To meet these conditions, carriers should follow this checklist carefully:

  • Check the vessel or containers for refrigeration standards and the working conditions of the cooling chambers;
  • Thoroughly clean and sanitize cargo holds before loading the banana shipments;
  • Remove any residues or contaminants that could affect the quality of the bananas;
  • Free the containers from odors from previous cargoes;
  • Properly secure the banana cargo to prevent shifting during transit;
  • Use appropriate stowage techniques and cargo securing equipment to avoid damage.

Do not underestimate this importance, because bananas are very sensitive products to ship and claims arising from not meeting the cargoworthiness standards are the carrier’s financial burden.

  1. Prioritize proper temperature management

Proper temperature management is crucial for banana transportation due to the fruit’s high sensitivity to temperature fluctuations:

  • Uneven temperatures within the storage or transportation environment lead to uneven ripening. Bananas closest to heat sources might ripen faster than those in colder areas, leading to an inconsistent product.
  • Elevated temperatures can stimulate the production of ethylene gas within the bananas. This speeds up the ripening process, causing bananas to mature too quickly. 
  • Lowered temperatures, usually below 12.5°C, can result in chilling injury. Chilling injury can cause the fruit skin to turn brown and the flesh to become watery and flavorless.

The carrier is responsible for proper temperature management to prevent the bananas from premature ripening, inconsistent ripening and chilling injuries. This includes pre-cooling, temperature zoning and monitoring temperature and air circulation.

Pre-cool the bananas to the appropriate temperature before transportation. The temperature of the fruit should be lowered to the desired storage temperature, usually between 13-15°C. This step ensures that bananas start their journey at the right temperature, reducing the risk of premature ripening.

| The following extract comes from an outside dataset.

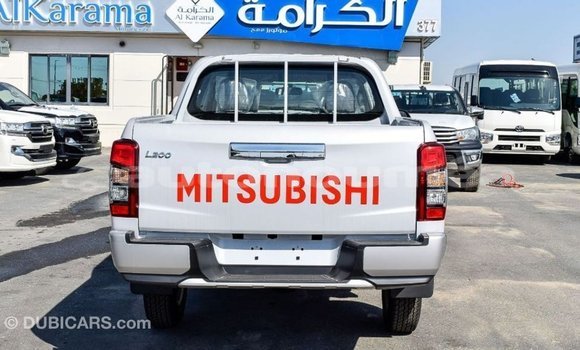 Acheter Import Voiture Mitsubishi L200 Blanc à Import - Dubai, Iles Acheter Import Voiture Mitsubishi L200 Blanc à Import - Dubai, Iles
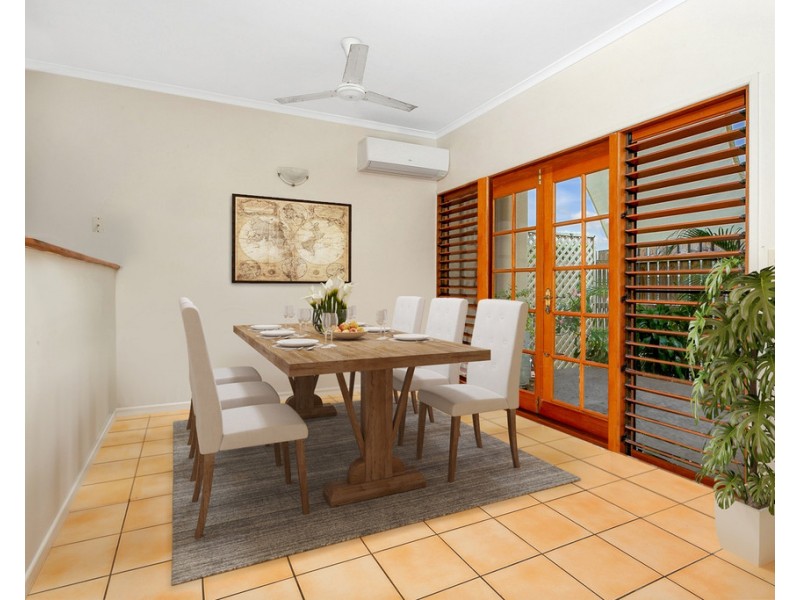 7 Harpa Street, Palm Cove QLD 4879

Divide the storage or transportation space into zones and place bananas with similar ripening stages together. This practice helps manage temperature more effectively for different batches of bananas, ensuring uniform ripening.

Utilize temperature monitoring devices such as data loggers or sensors to continuously monitor the temperature and air circulation inside the storage units. This prevents elevated, lowered or uneven temperatures from occurring.

  1. Strictly follow the shipper’s instructions

The instructions from the shipper should always include requirements for temperature settings, cargo pre-cooling, ventilation, air composition and the relative air humidity. It is the carrier’s responsibility to follow these instructions precisely. 

Besides following the instructions, it is necessary to properly record and document that the instructions are being followed to establish a solid defense in case of claims. Work with detailed documentation templates, that include the precise instructions and room for comments, checklists, timestamps or even signatures. 

If proper temperature monitoring is met, these results should also be used for documentation. And ideally, digital tools and software are used to record and store all documentation electronically. This includes space for photographic materials.

Shield bananas, avoid claims.

Both shipper and carrier share the responsibility to prevent cross-contamination, premature ripening, inconsistent ripening and chilling injuries. The common goal is to transport the bananas in good and consistent quality. The carrier should take care of meeting the conditions of cargo worthiness, managing the temperatures properly and following the instructions of the shipper. 

As a carrier you also have the responsibility to record and document all measurements above. Even when you follow all instructions, quality reduction of bananas can still occur. In this case, you need to prove that the product damage did not occur at a stage where you have responsibility or control. If you can provide this evidence, the claim will not be pursued against you.